Maka tidaklah heran bila yang diutamakan adalah para pengunjung yang sudah reservasi itu. Bagi yang datang tanpa reservasi bisa "bersabar" mengikuti alur dengan mendahukan yang sudah reservasi. Karena Bolang sudah reservasi sebelumnya, kami pun bisa menikmati makanan berat dengan nasi jagung dan lauk ala pedesaan.
Masakannya memang sederhana, namun di sinilah letak keunikannya. Cita rasanya begitu kuat apalagi dinikmati di area alami sambil berkengkrama bersama rekan-rekan. Suguhan minuman tradisional begitu unik yang kaya akan rempahnya.

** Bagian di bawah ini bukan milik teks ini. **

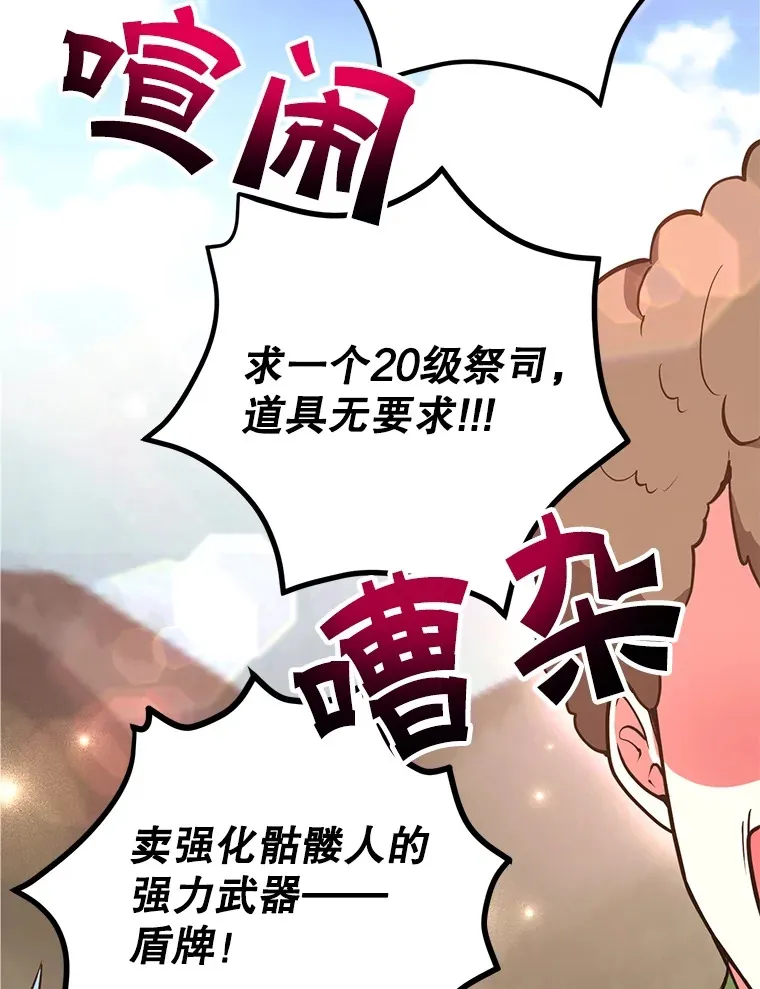 25.开放房间功能 第3页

Untuk bisa menikmati jajanan relatif lebih "mudah", tinggal menuju tempat yang disediakan. Kita tinggal memilih jajanan mana yang kita inginkan dengan cara prasmanan. Boleh dibilang segala sajian adalah model tempo dulu, yang saat ini sulit didapatkan.
Selepas menikmati sajian itu, di Tomboan tidak menerapkan sistem pembayaran. Pengelolanya sendiri tidak mengistilahkan bayar seikhlasnya. Memang disediakan kotak asih. Yang tujuannya sebagai tempat kontribusi bagi kita yang menghargainya. Boleh kita mengisinya dan boleh juga tidak. Untuk urusan itu tinggal kita menilainya sendiri, sepantasnya bagaimana.
Menurut penuturan Yasin. Walau "mengratiskan" suguhannya, Tomboan sejak didirikan tahun lalu, masih tetap eksis. Dari kotak asih itu bisa menutupi semua operasional yang ada. Bahkan beberapa di antaranya bisa untuk membangun sarana lainnya. Jika ada kelebihan, bisa membantu warga sekitar yang membutuhkannya.
Ternyata di Ngawonggo ini kita bisa belajar banyak hal. Mulai dari kearifan lokal nenek moyang kita, tentang pelestarian alam, sampai pada cara "bisnis" yang sederhana namun kokoh.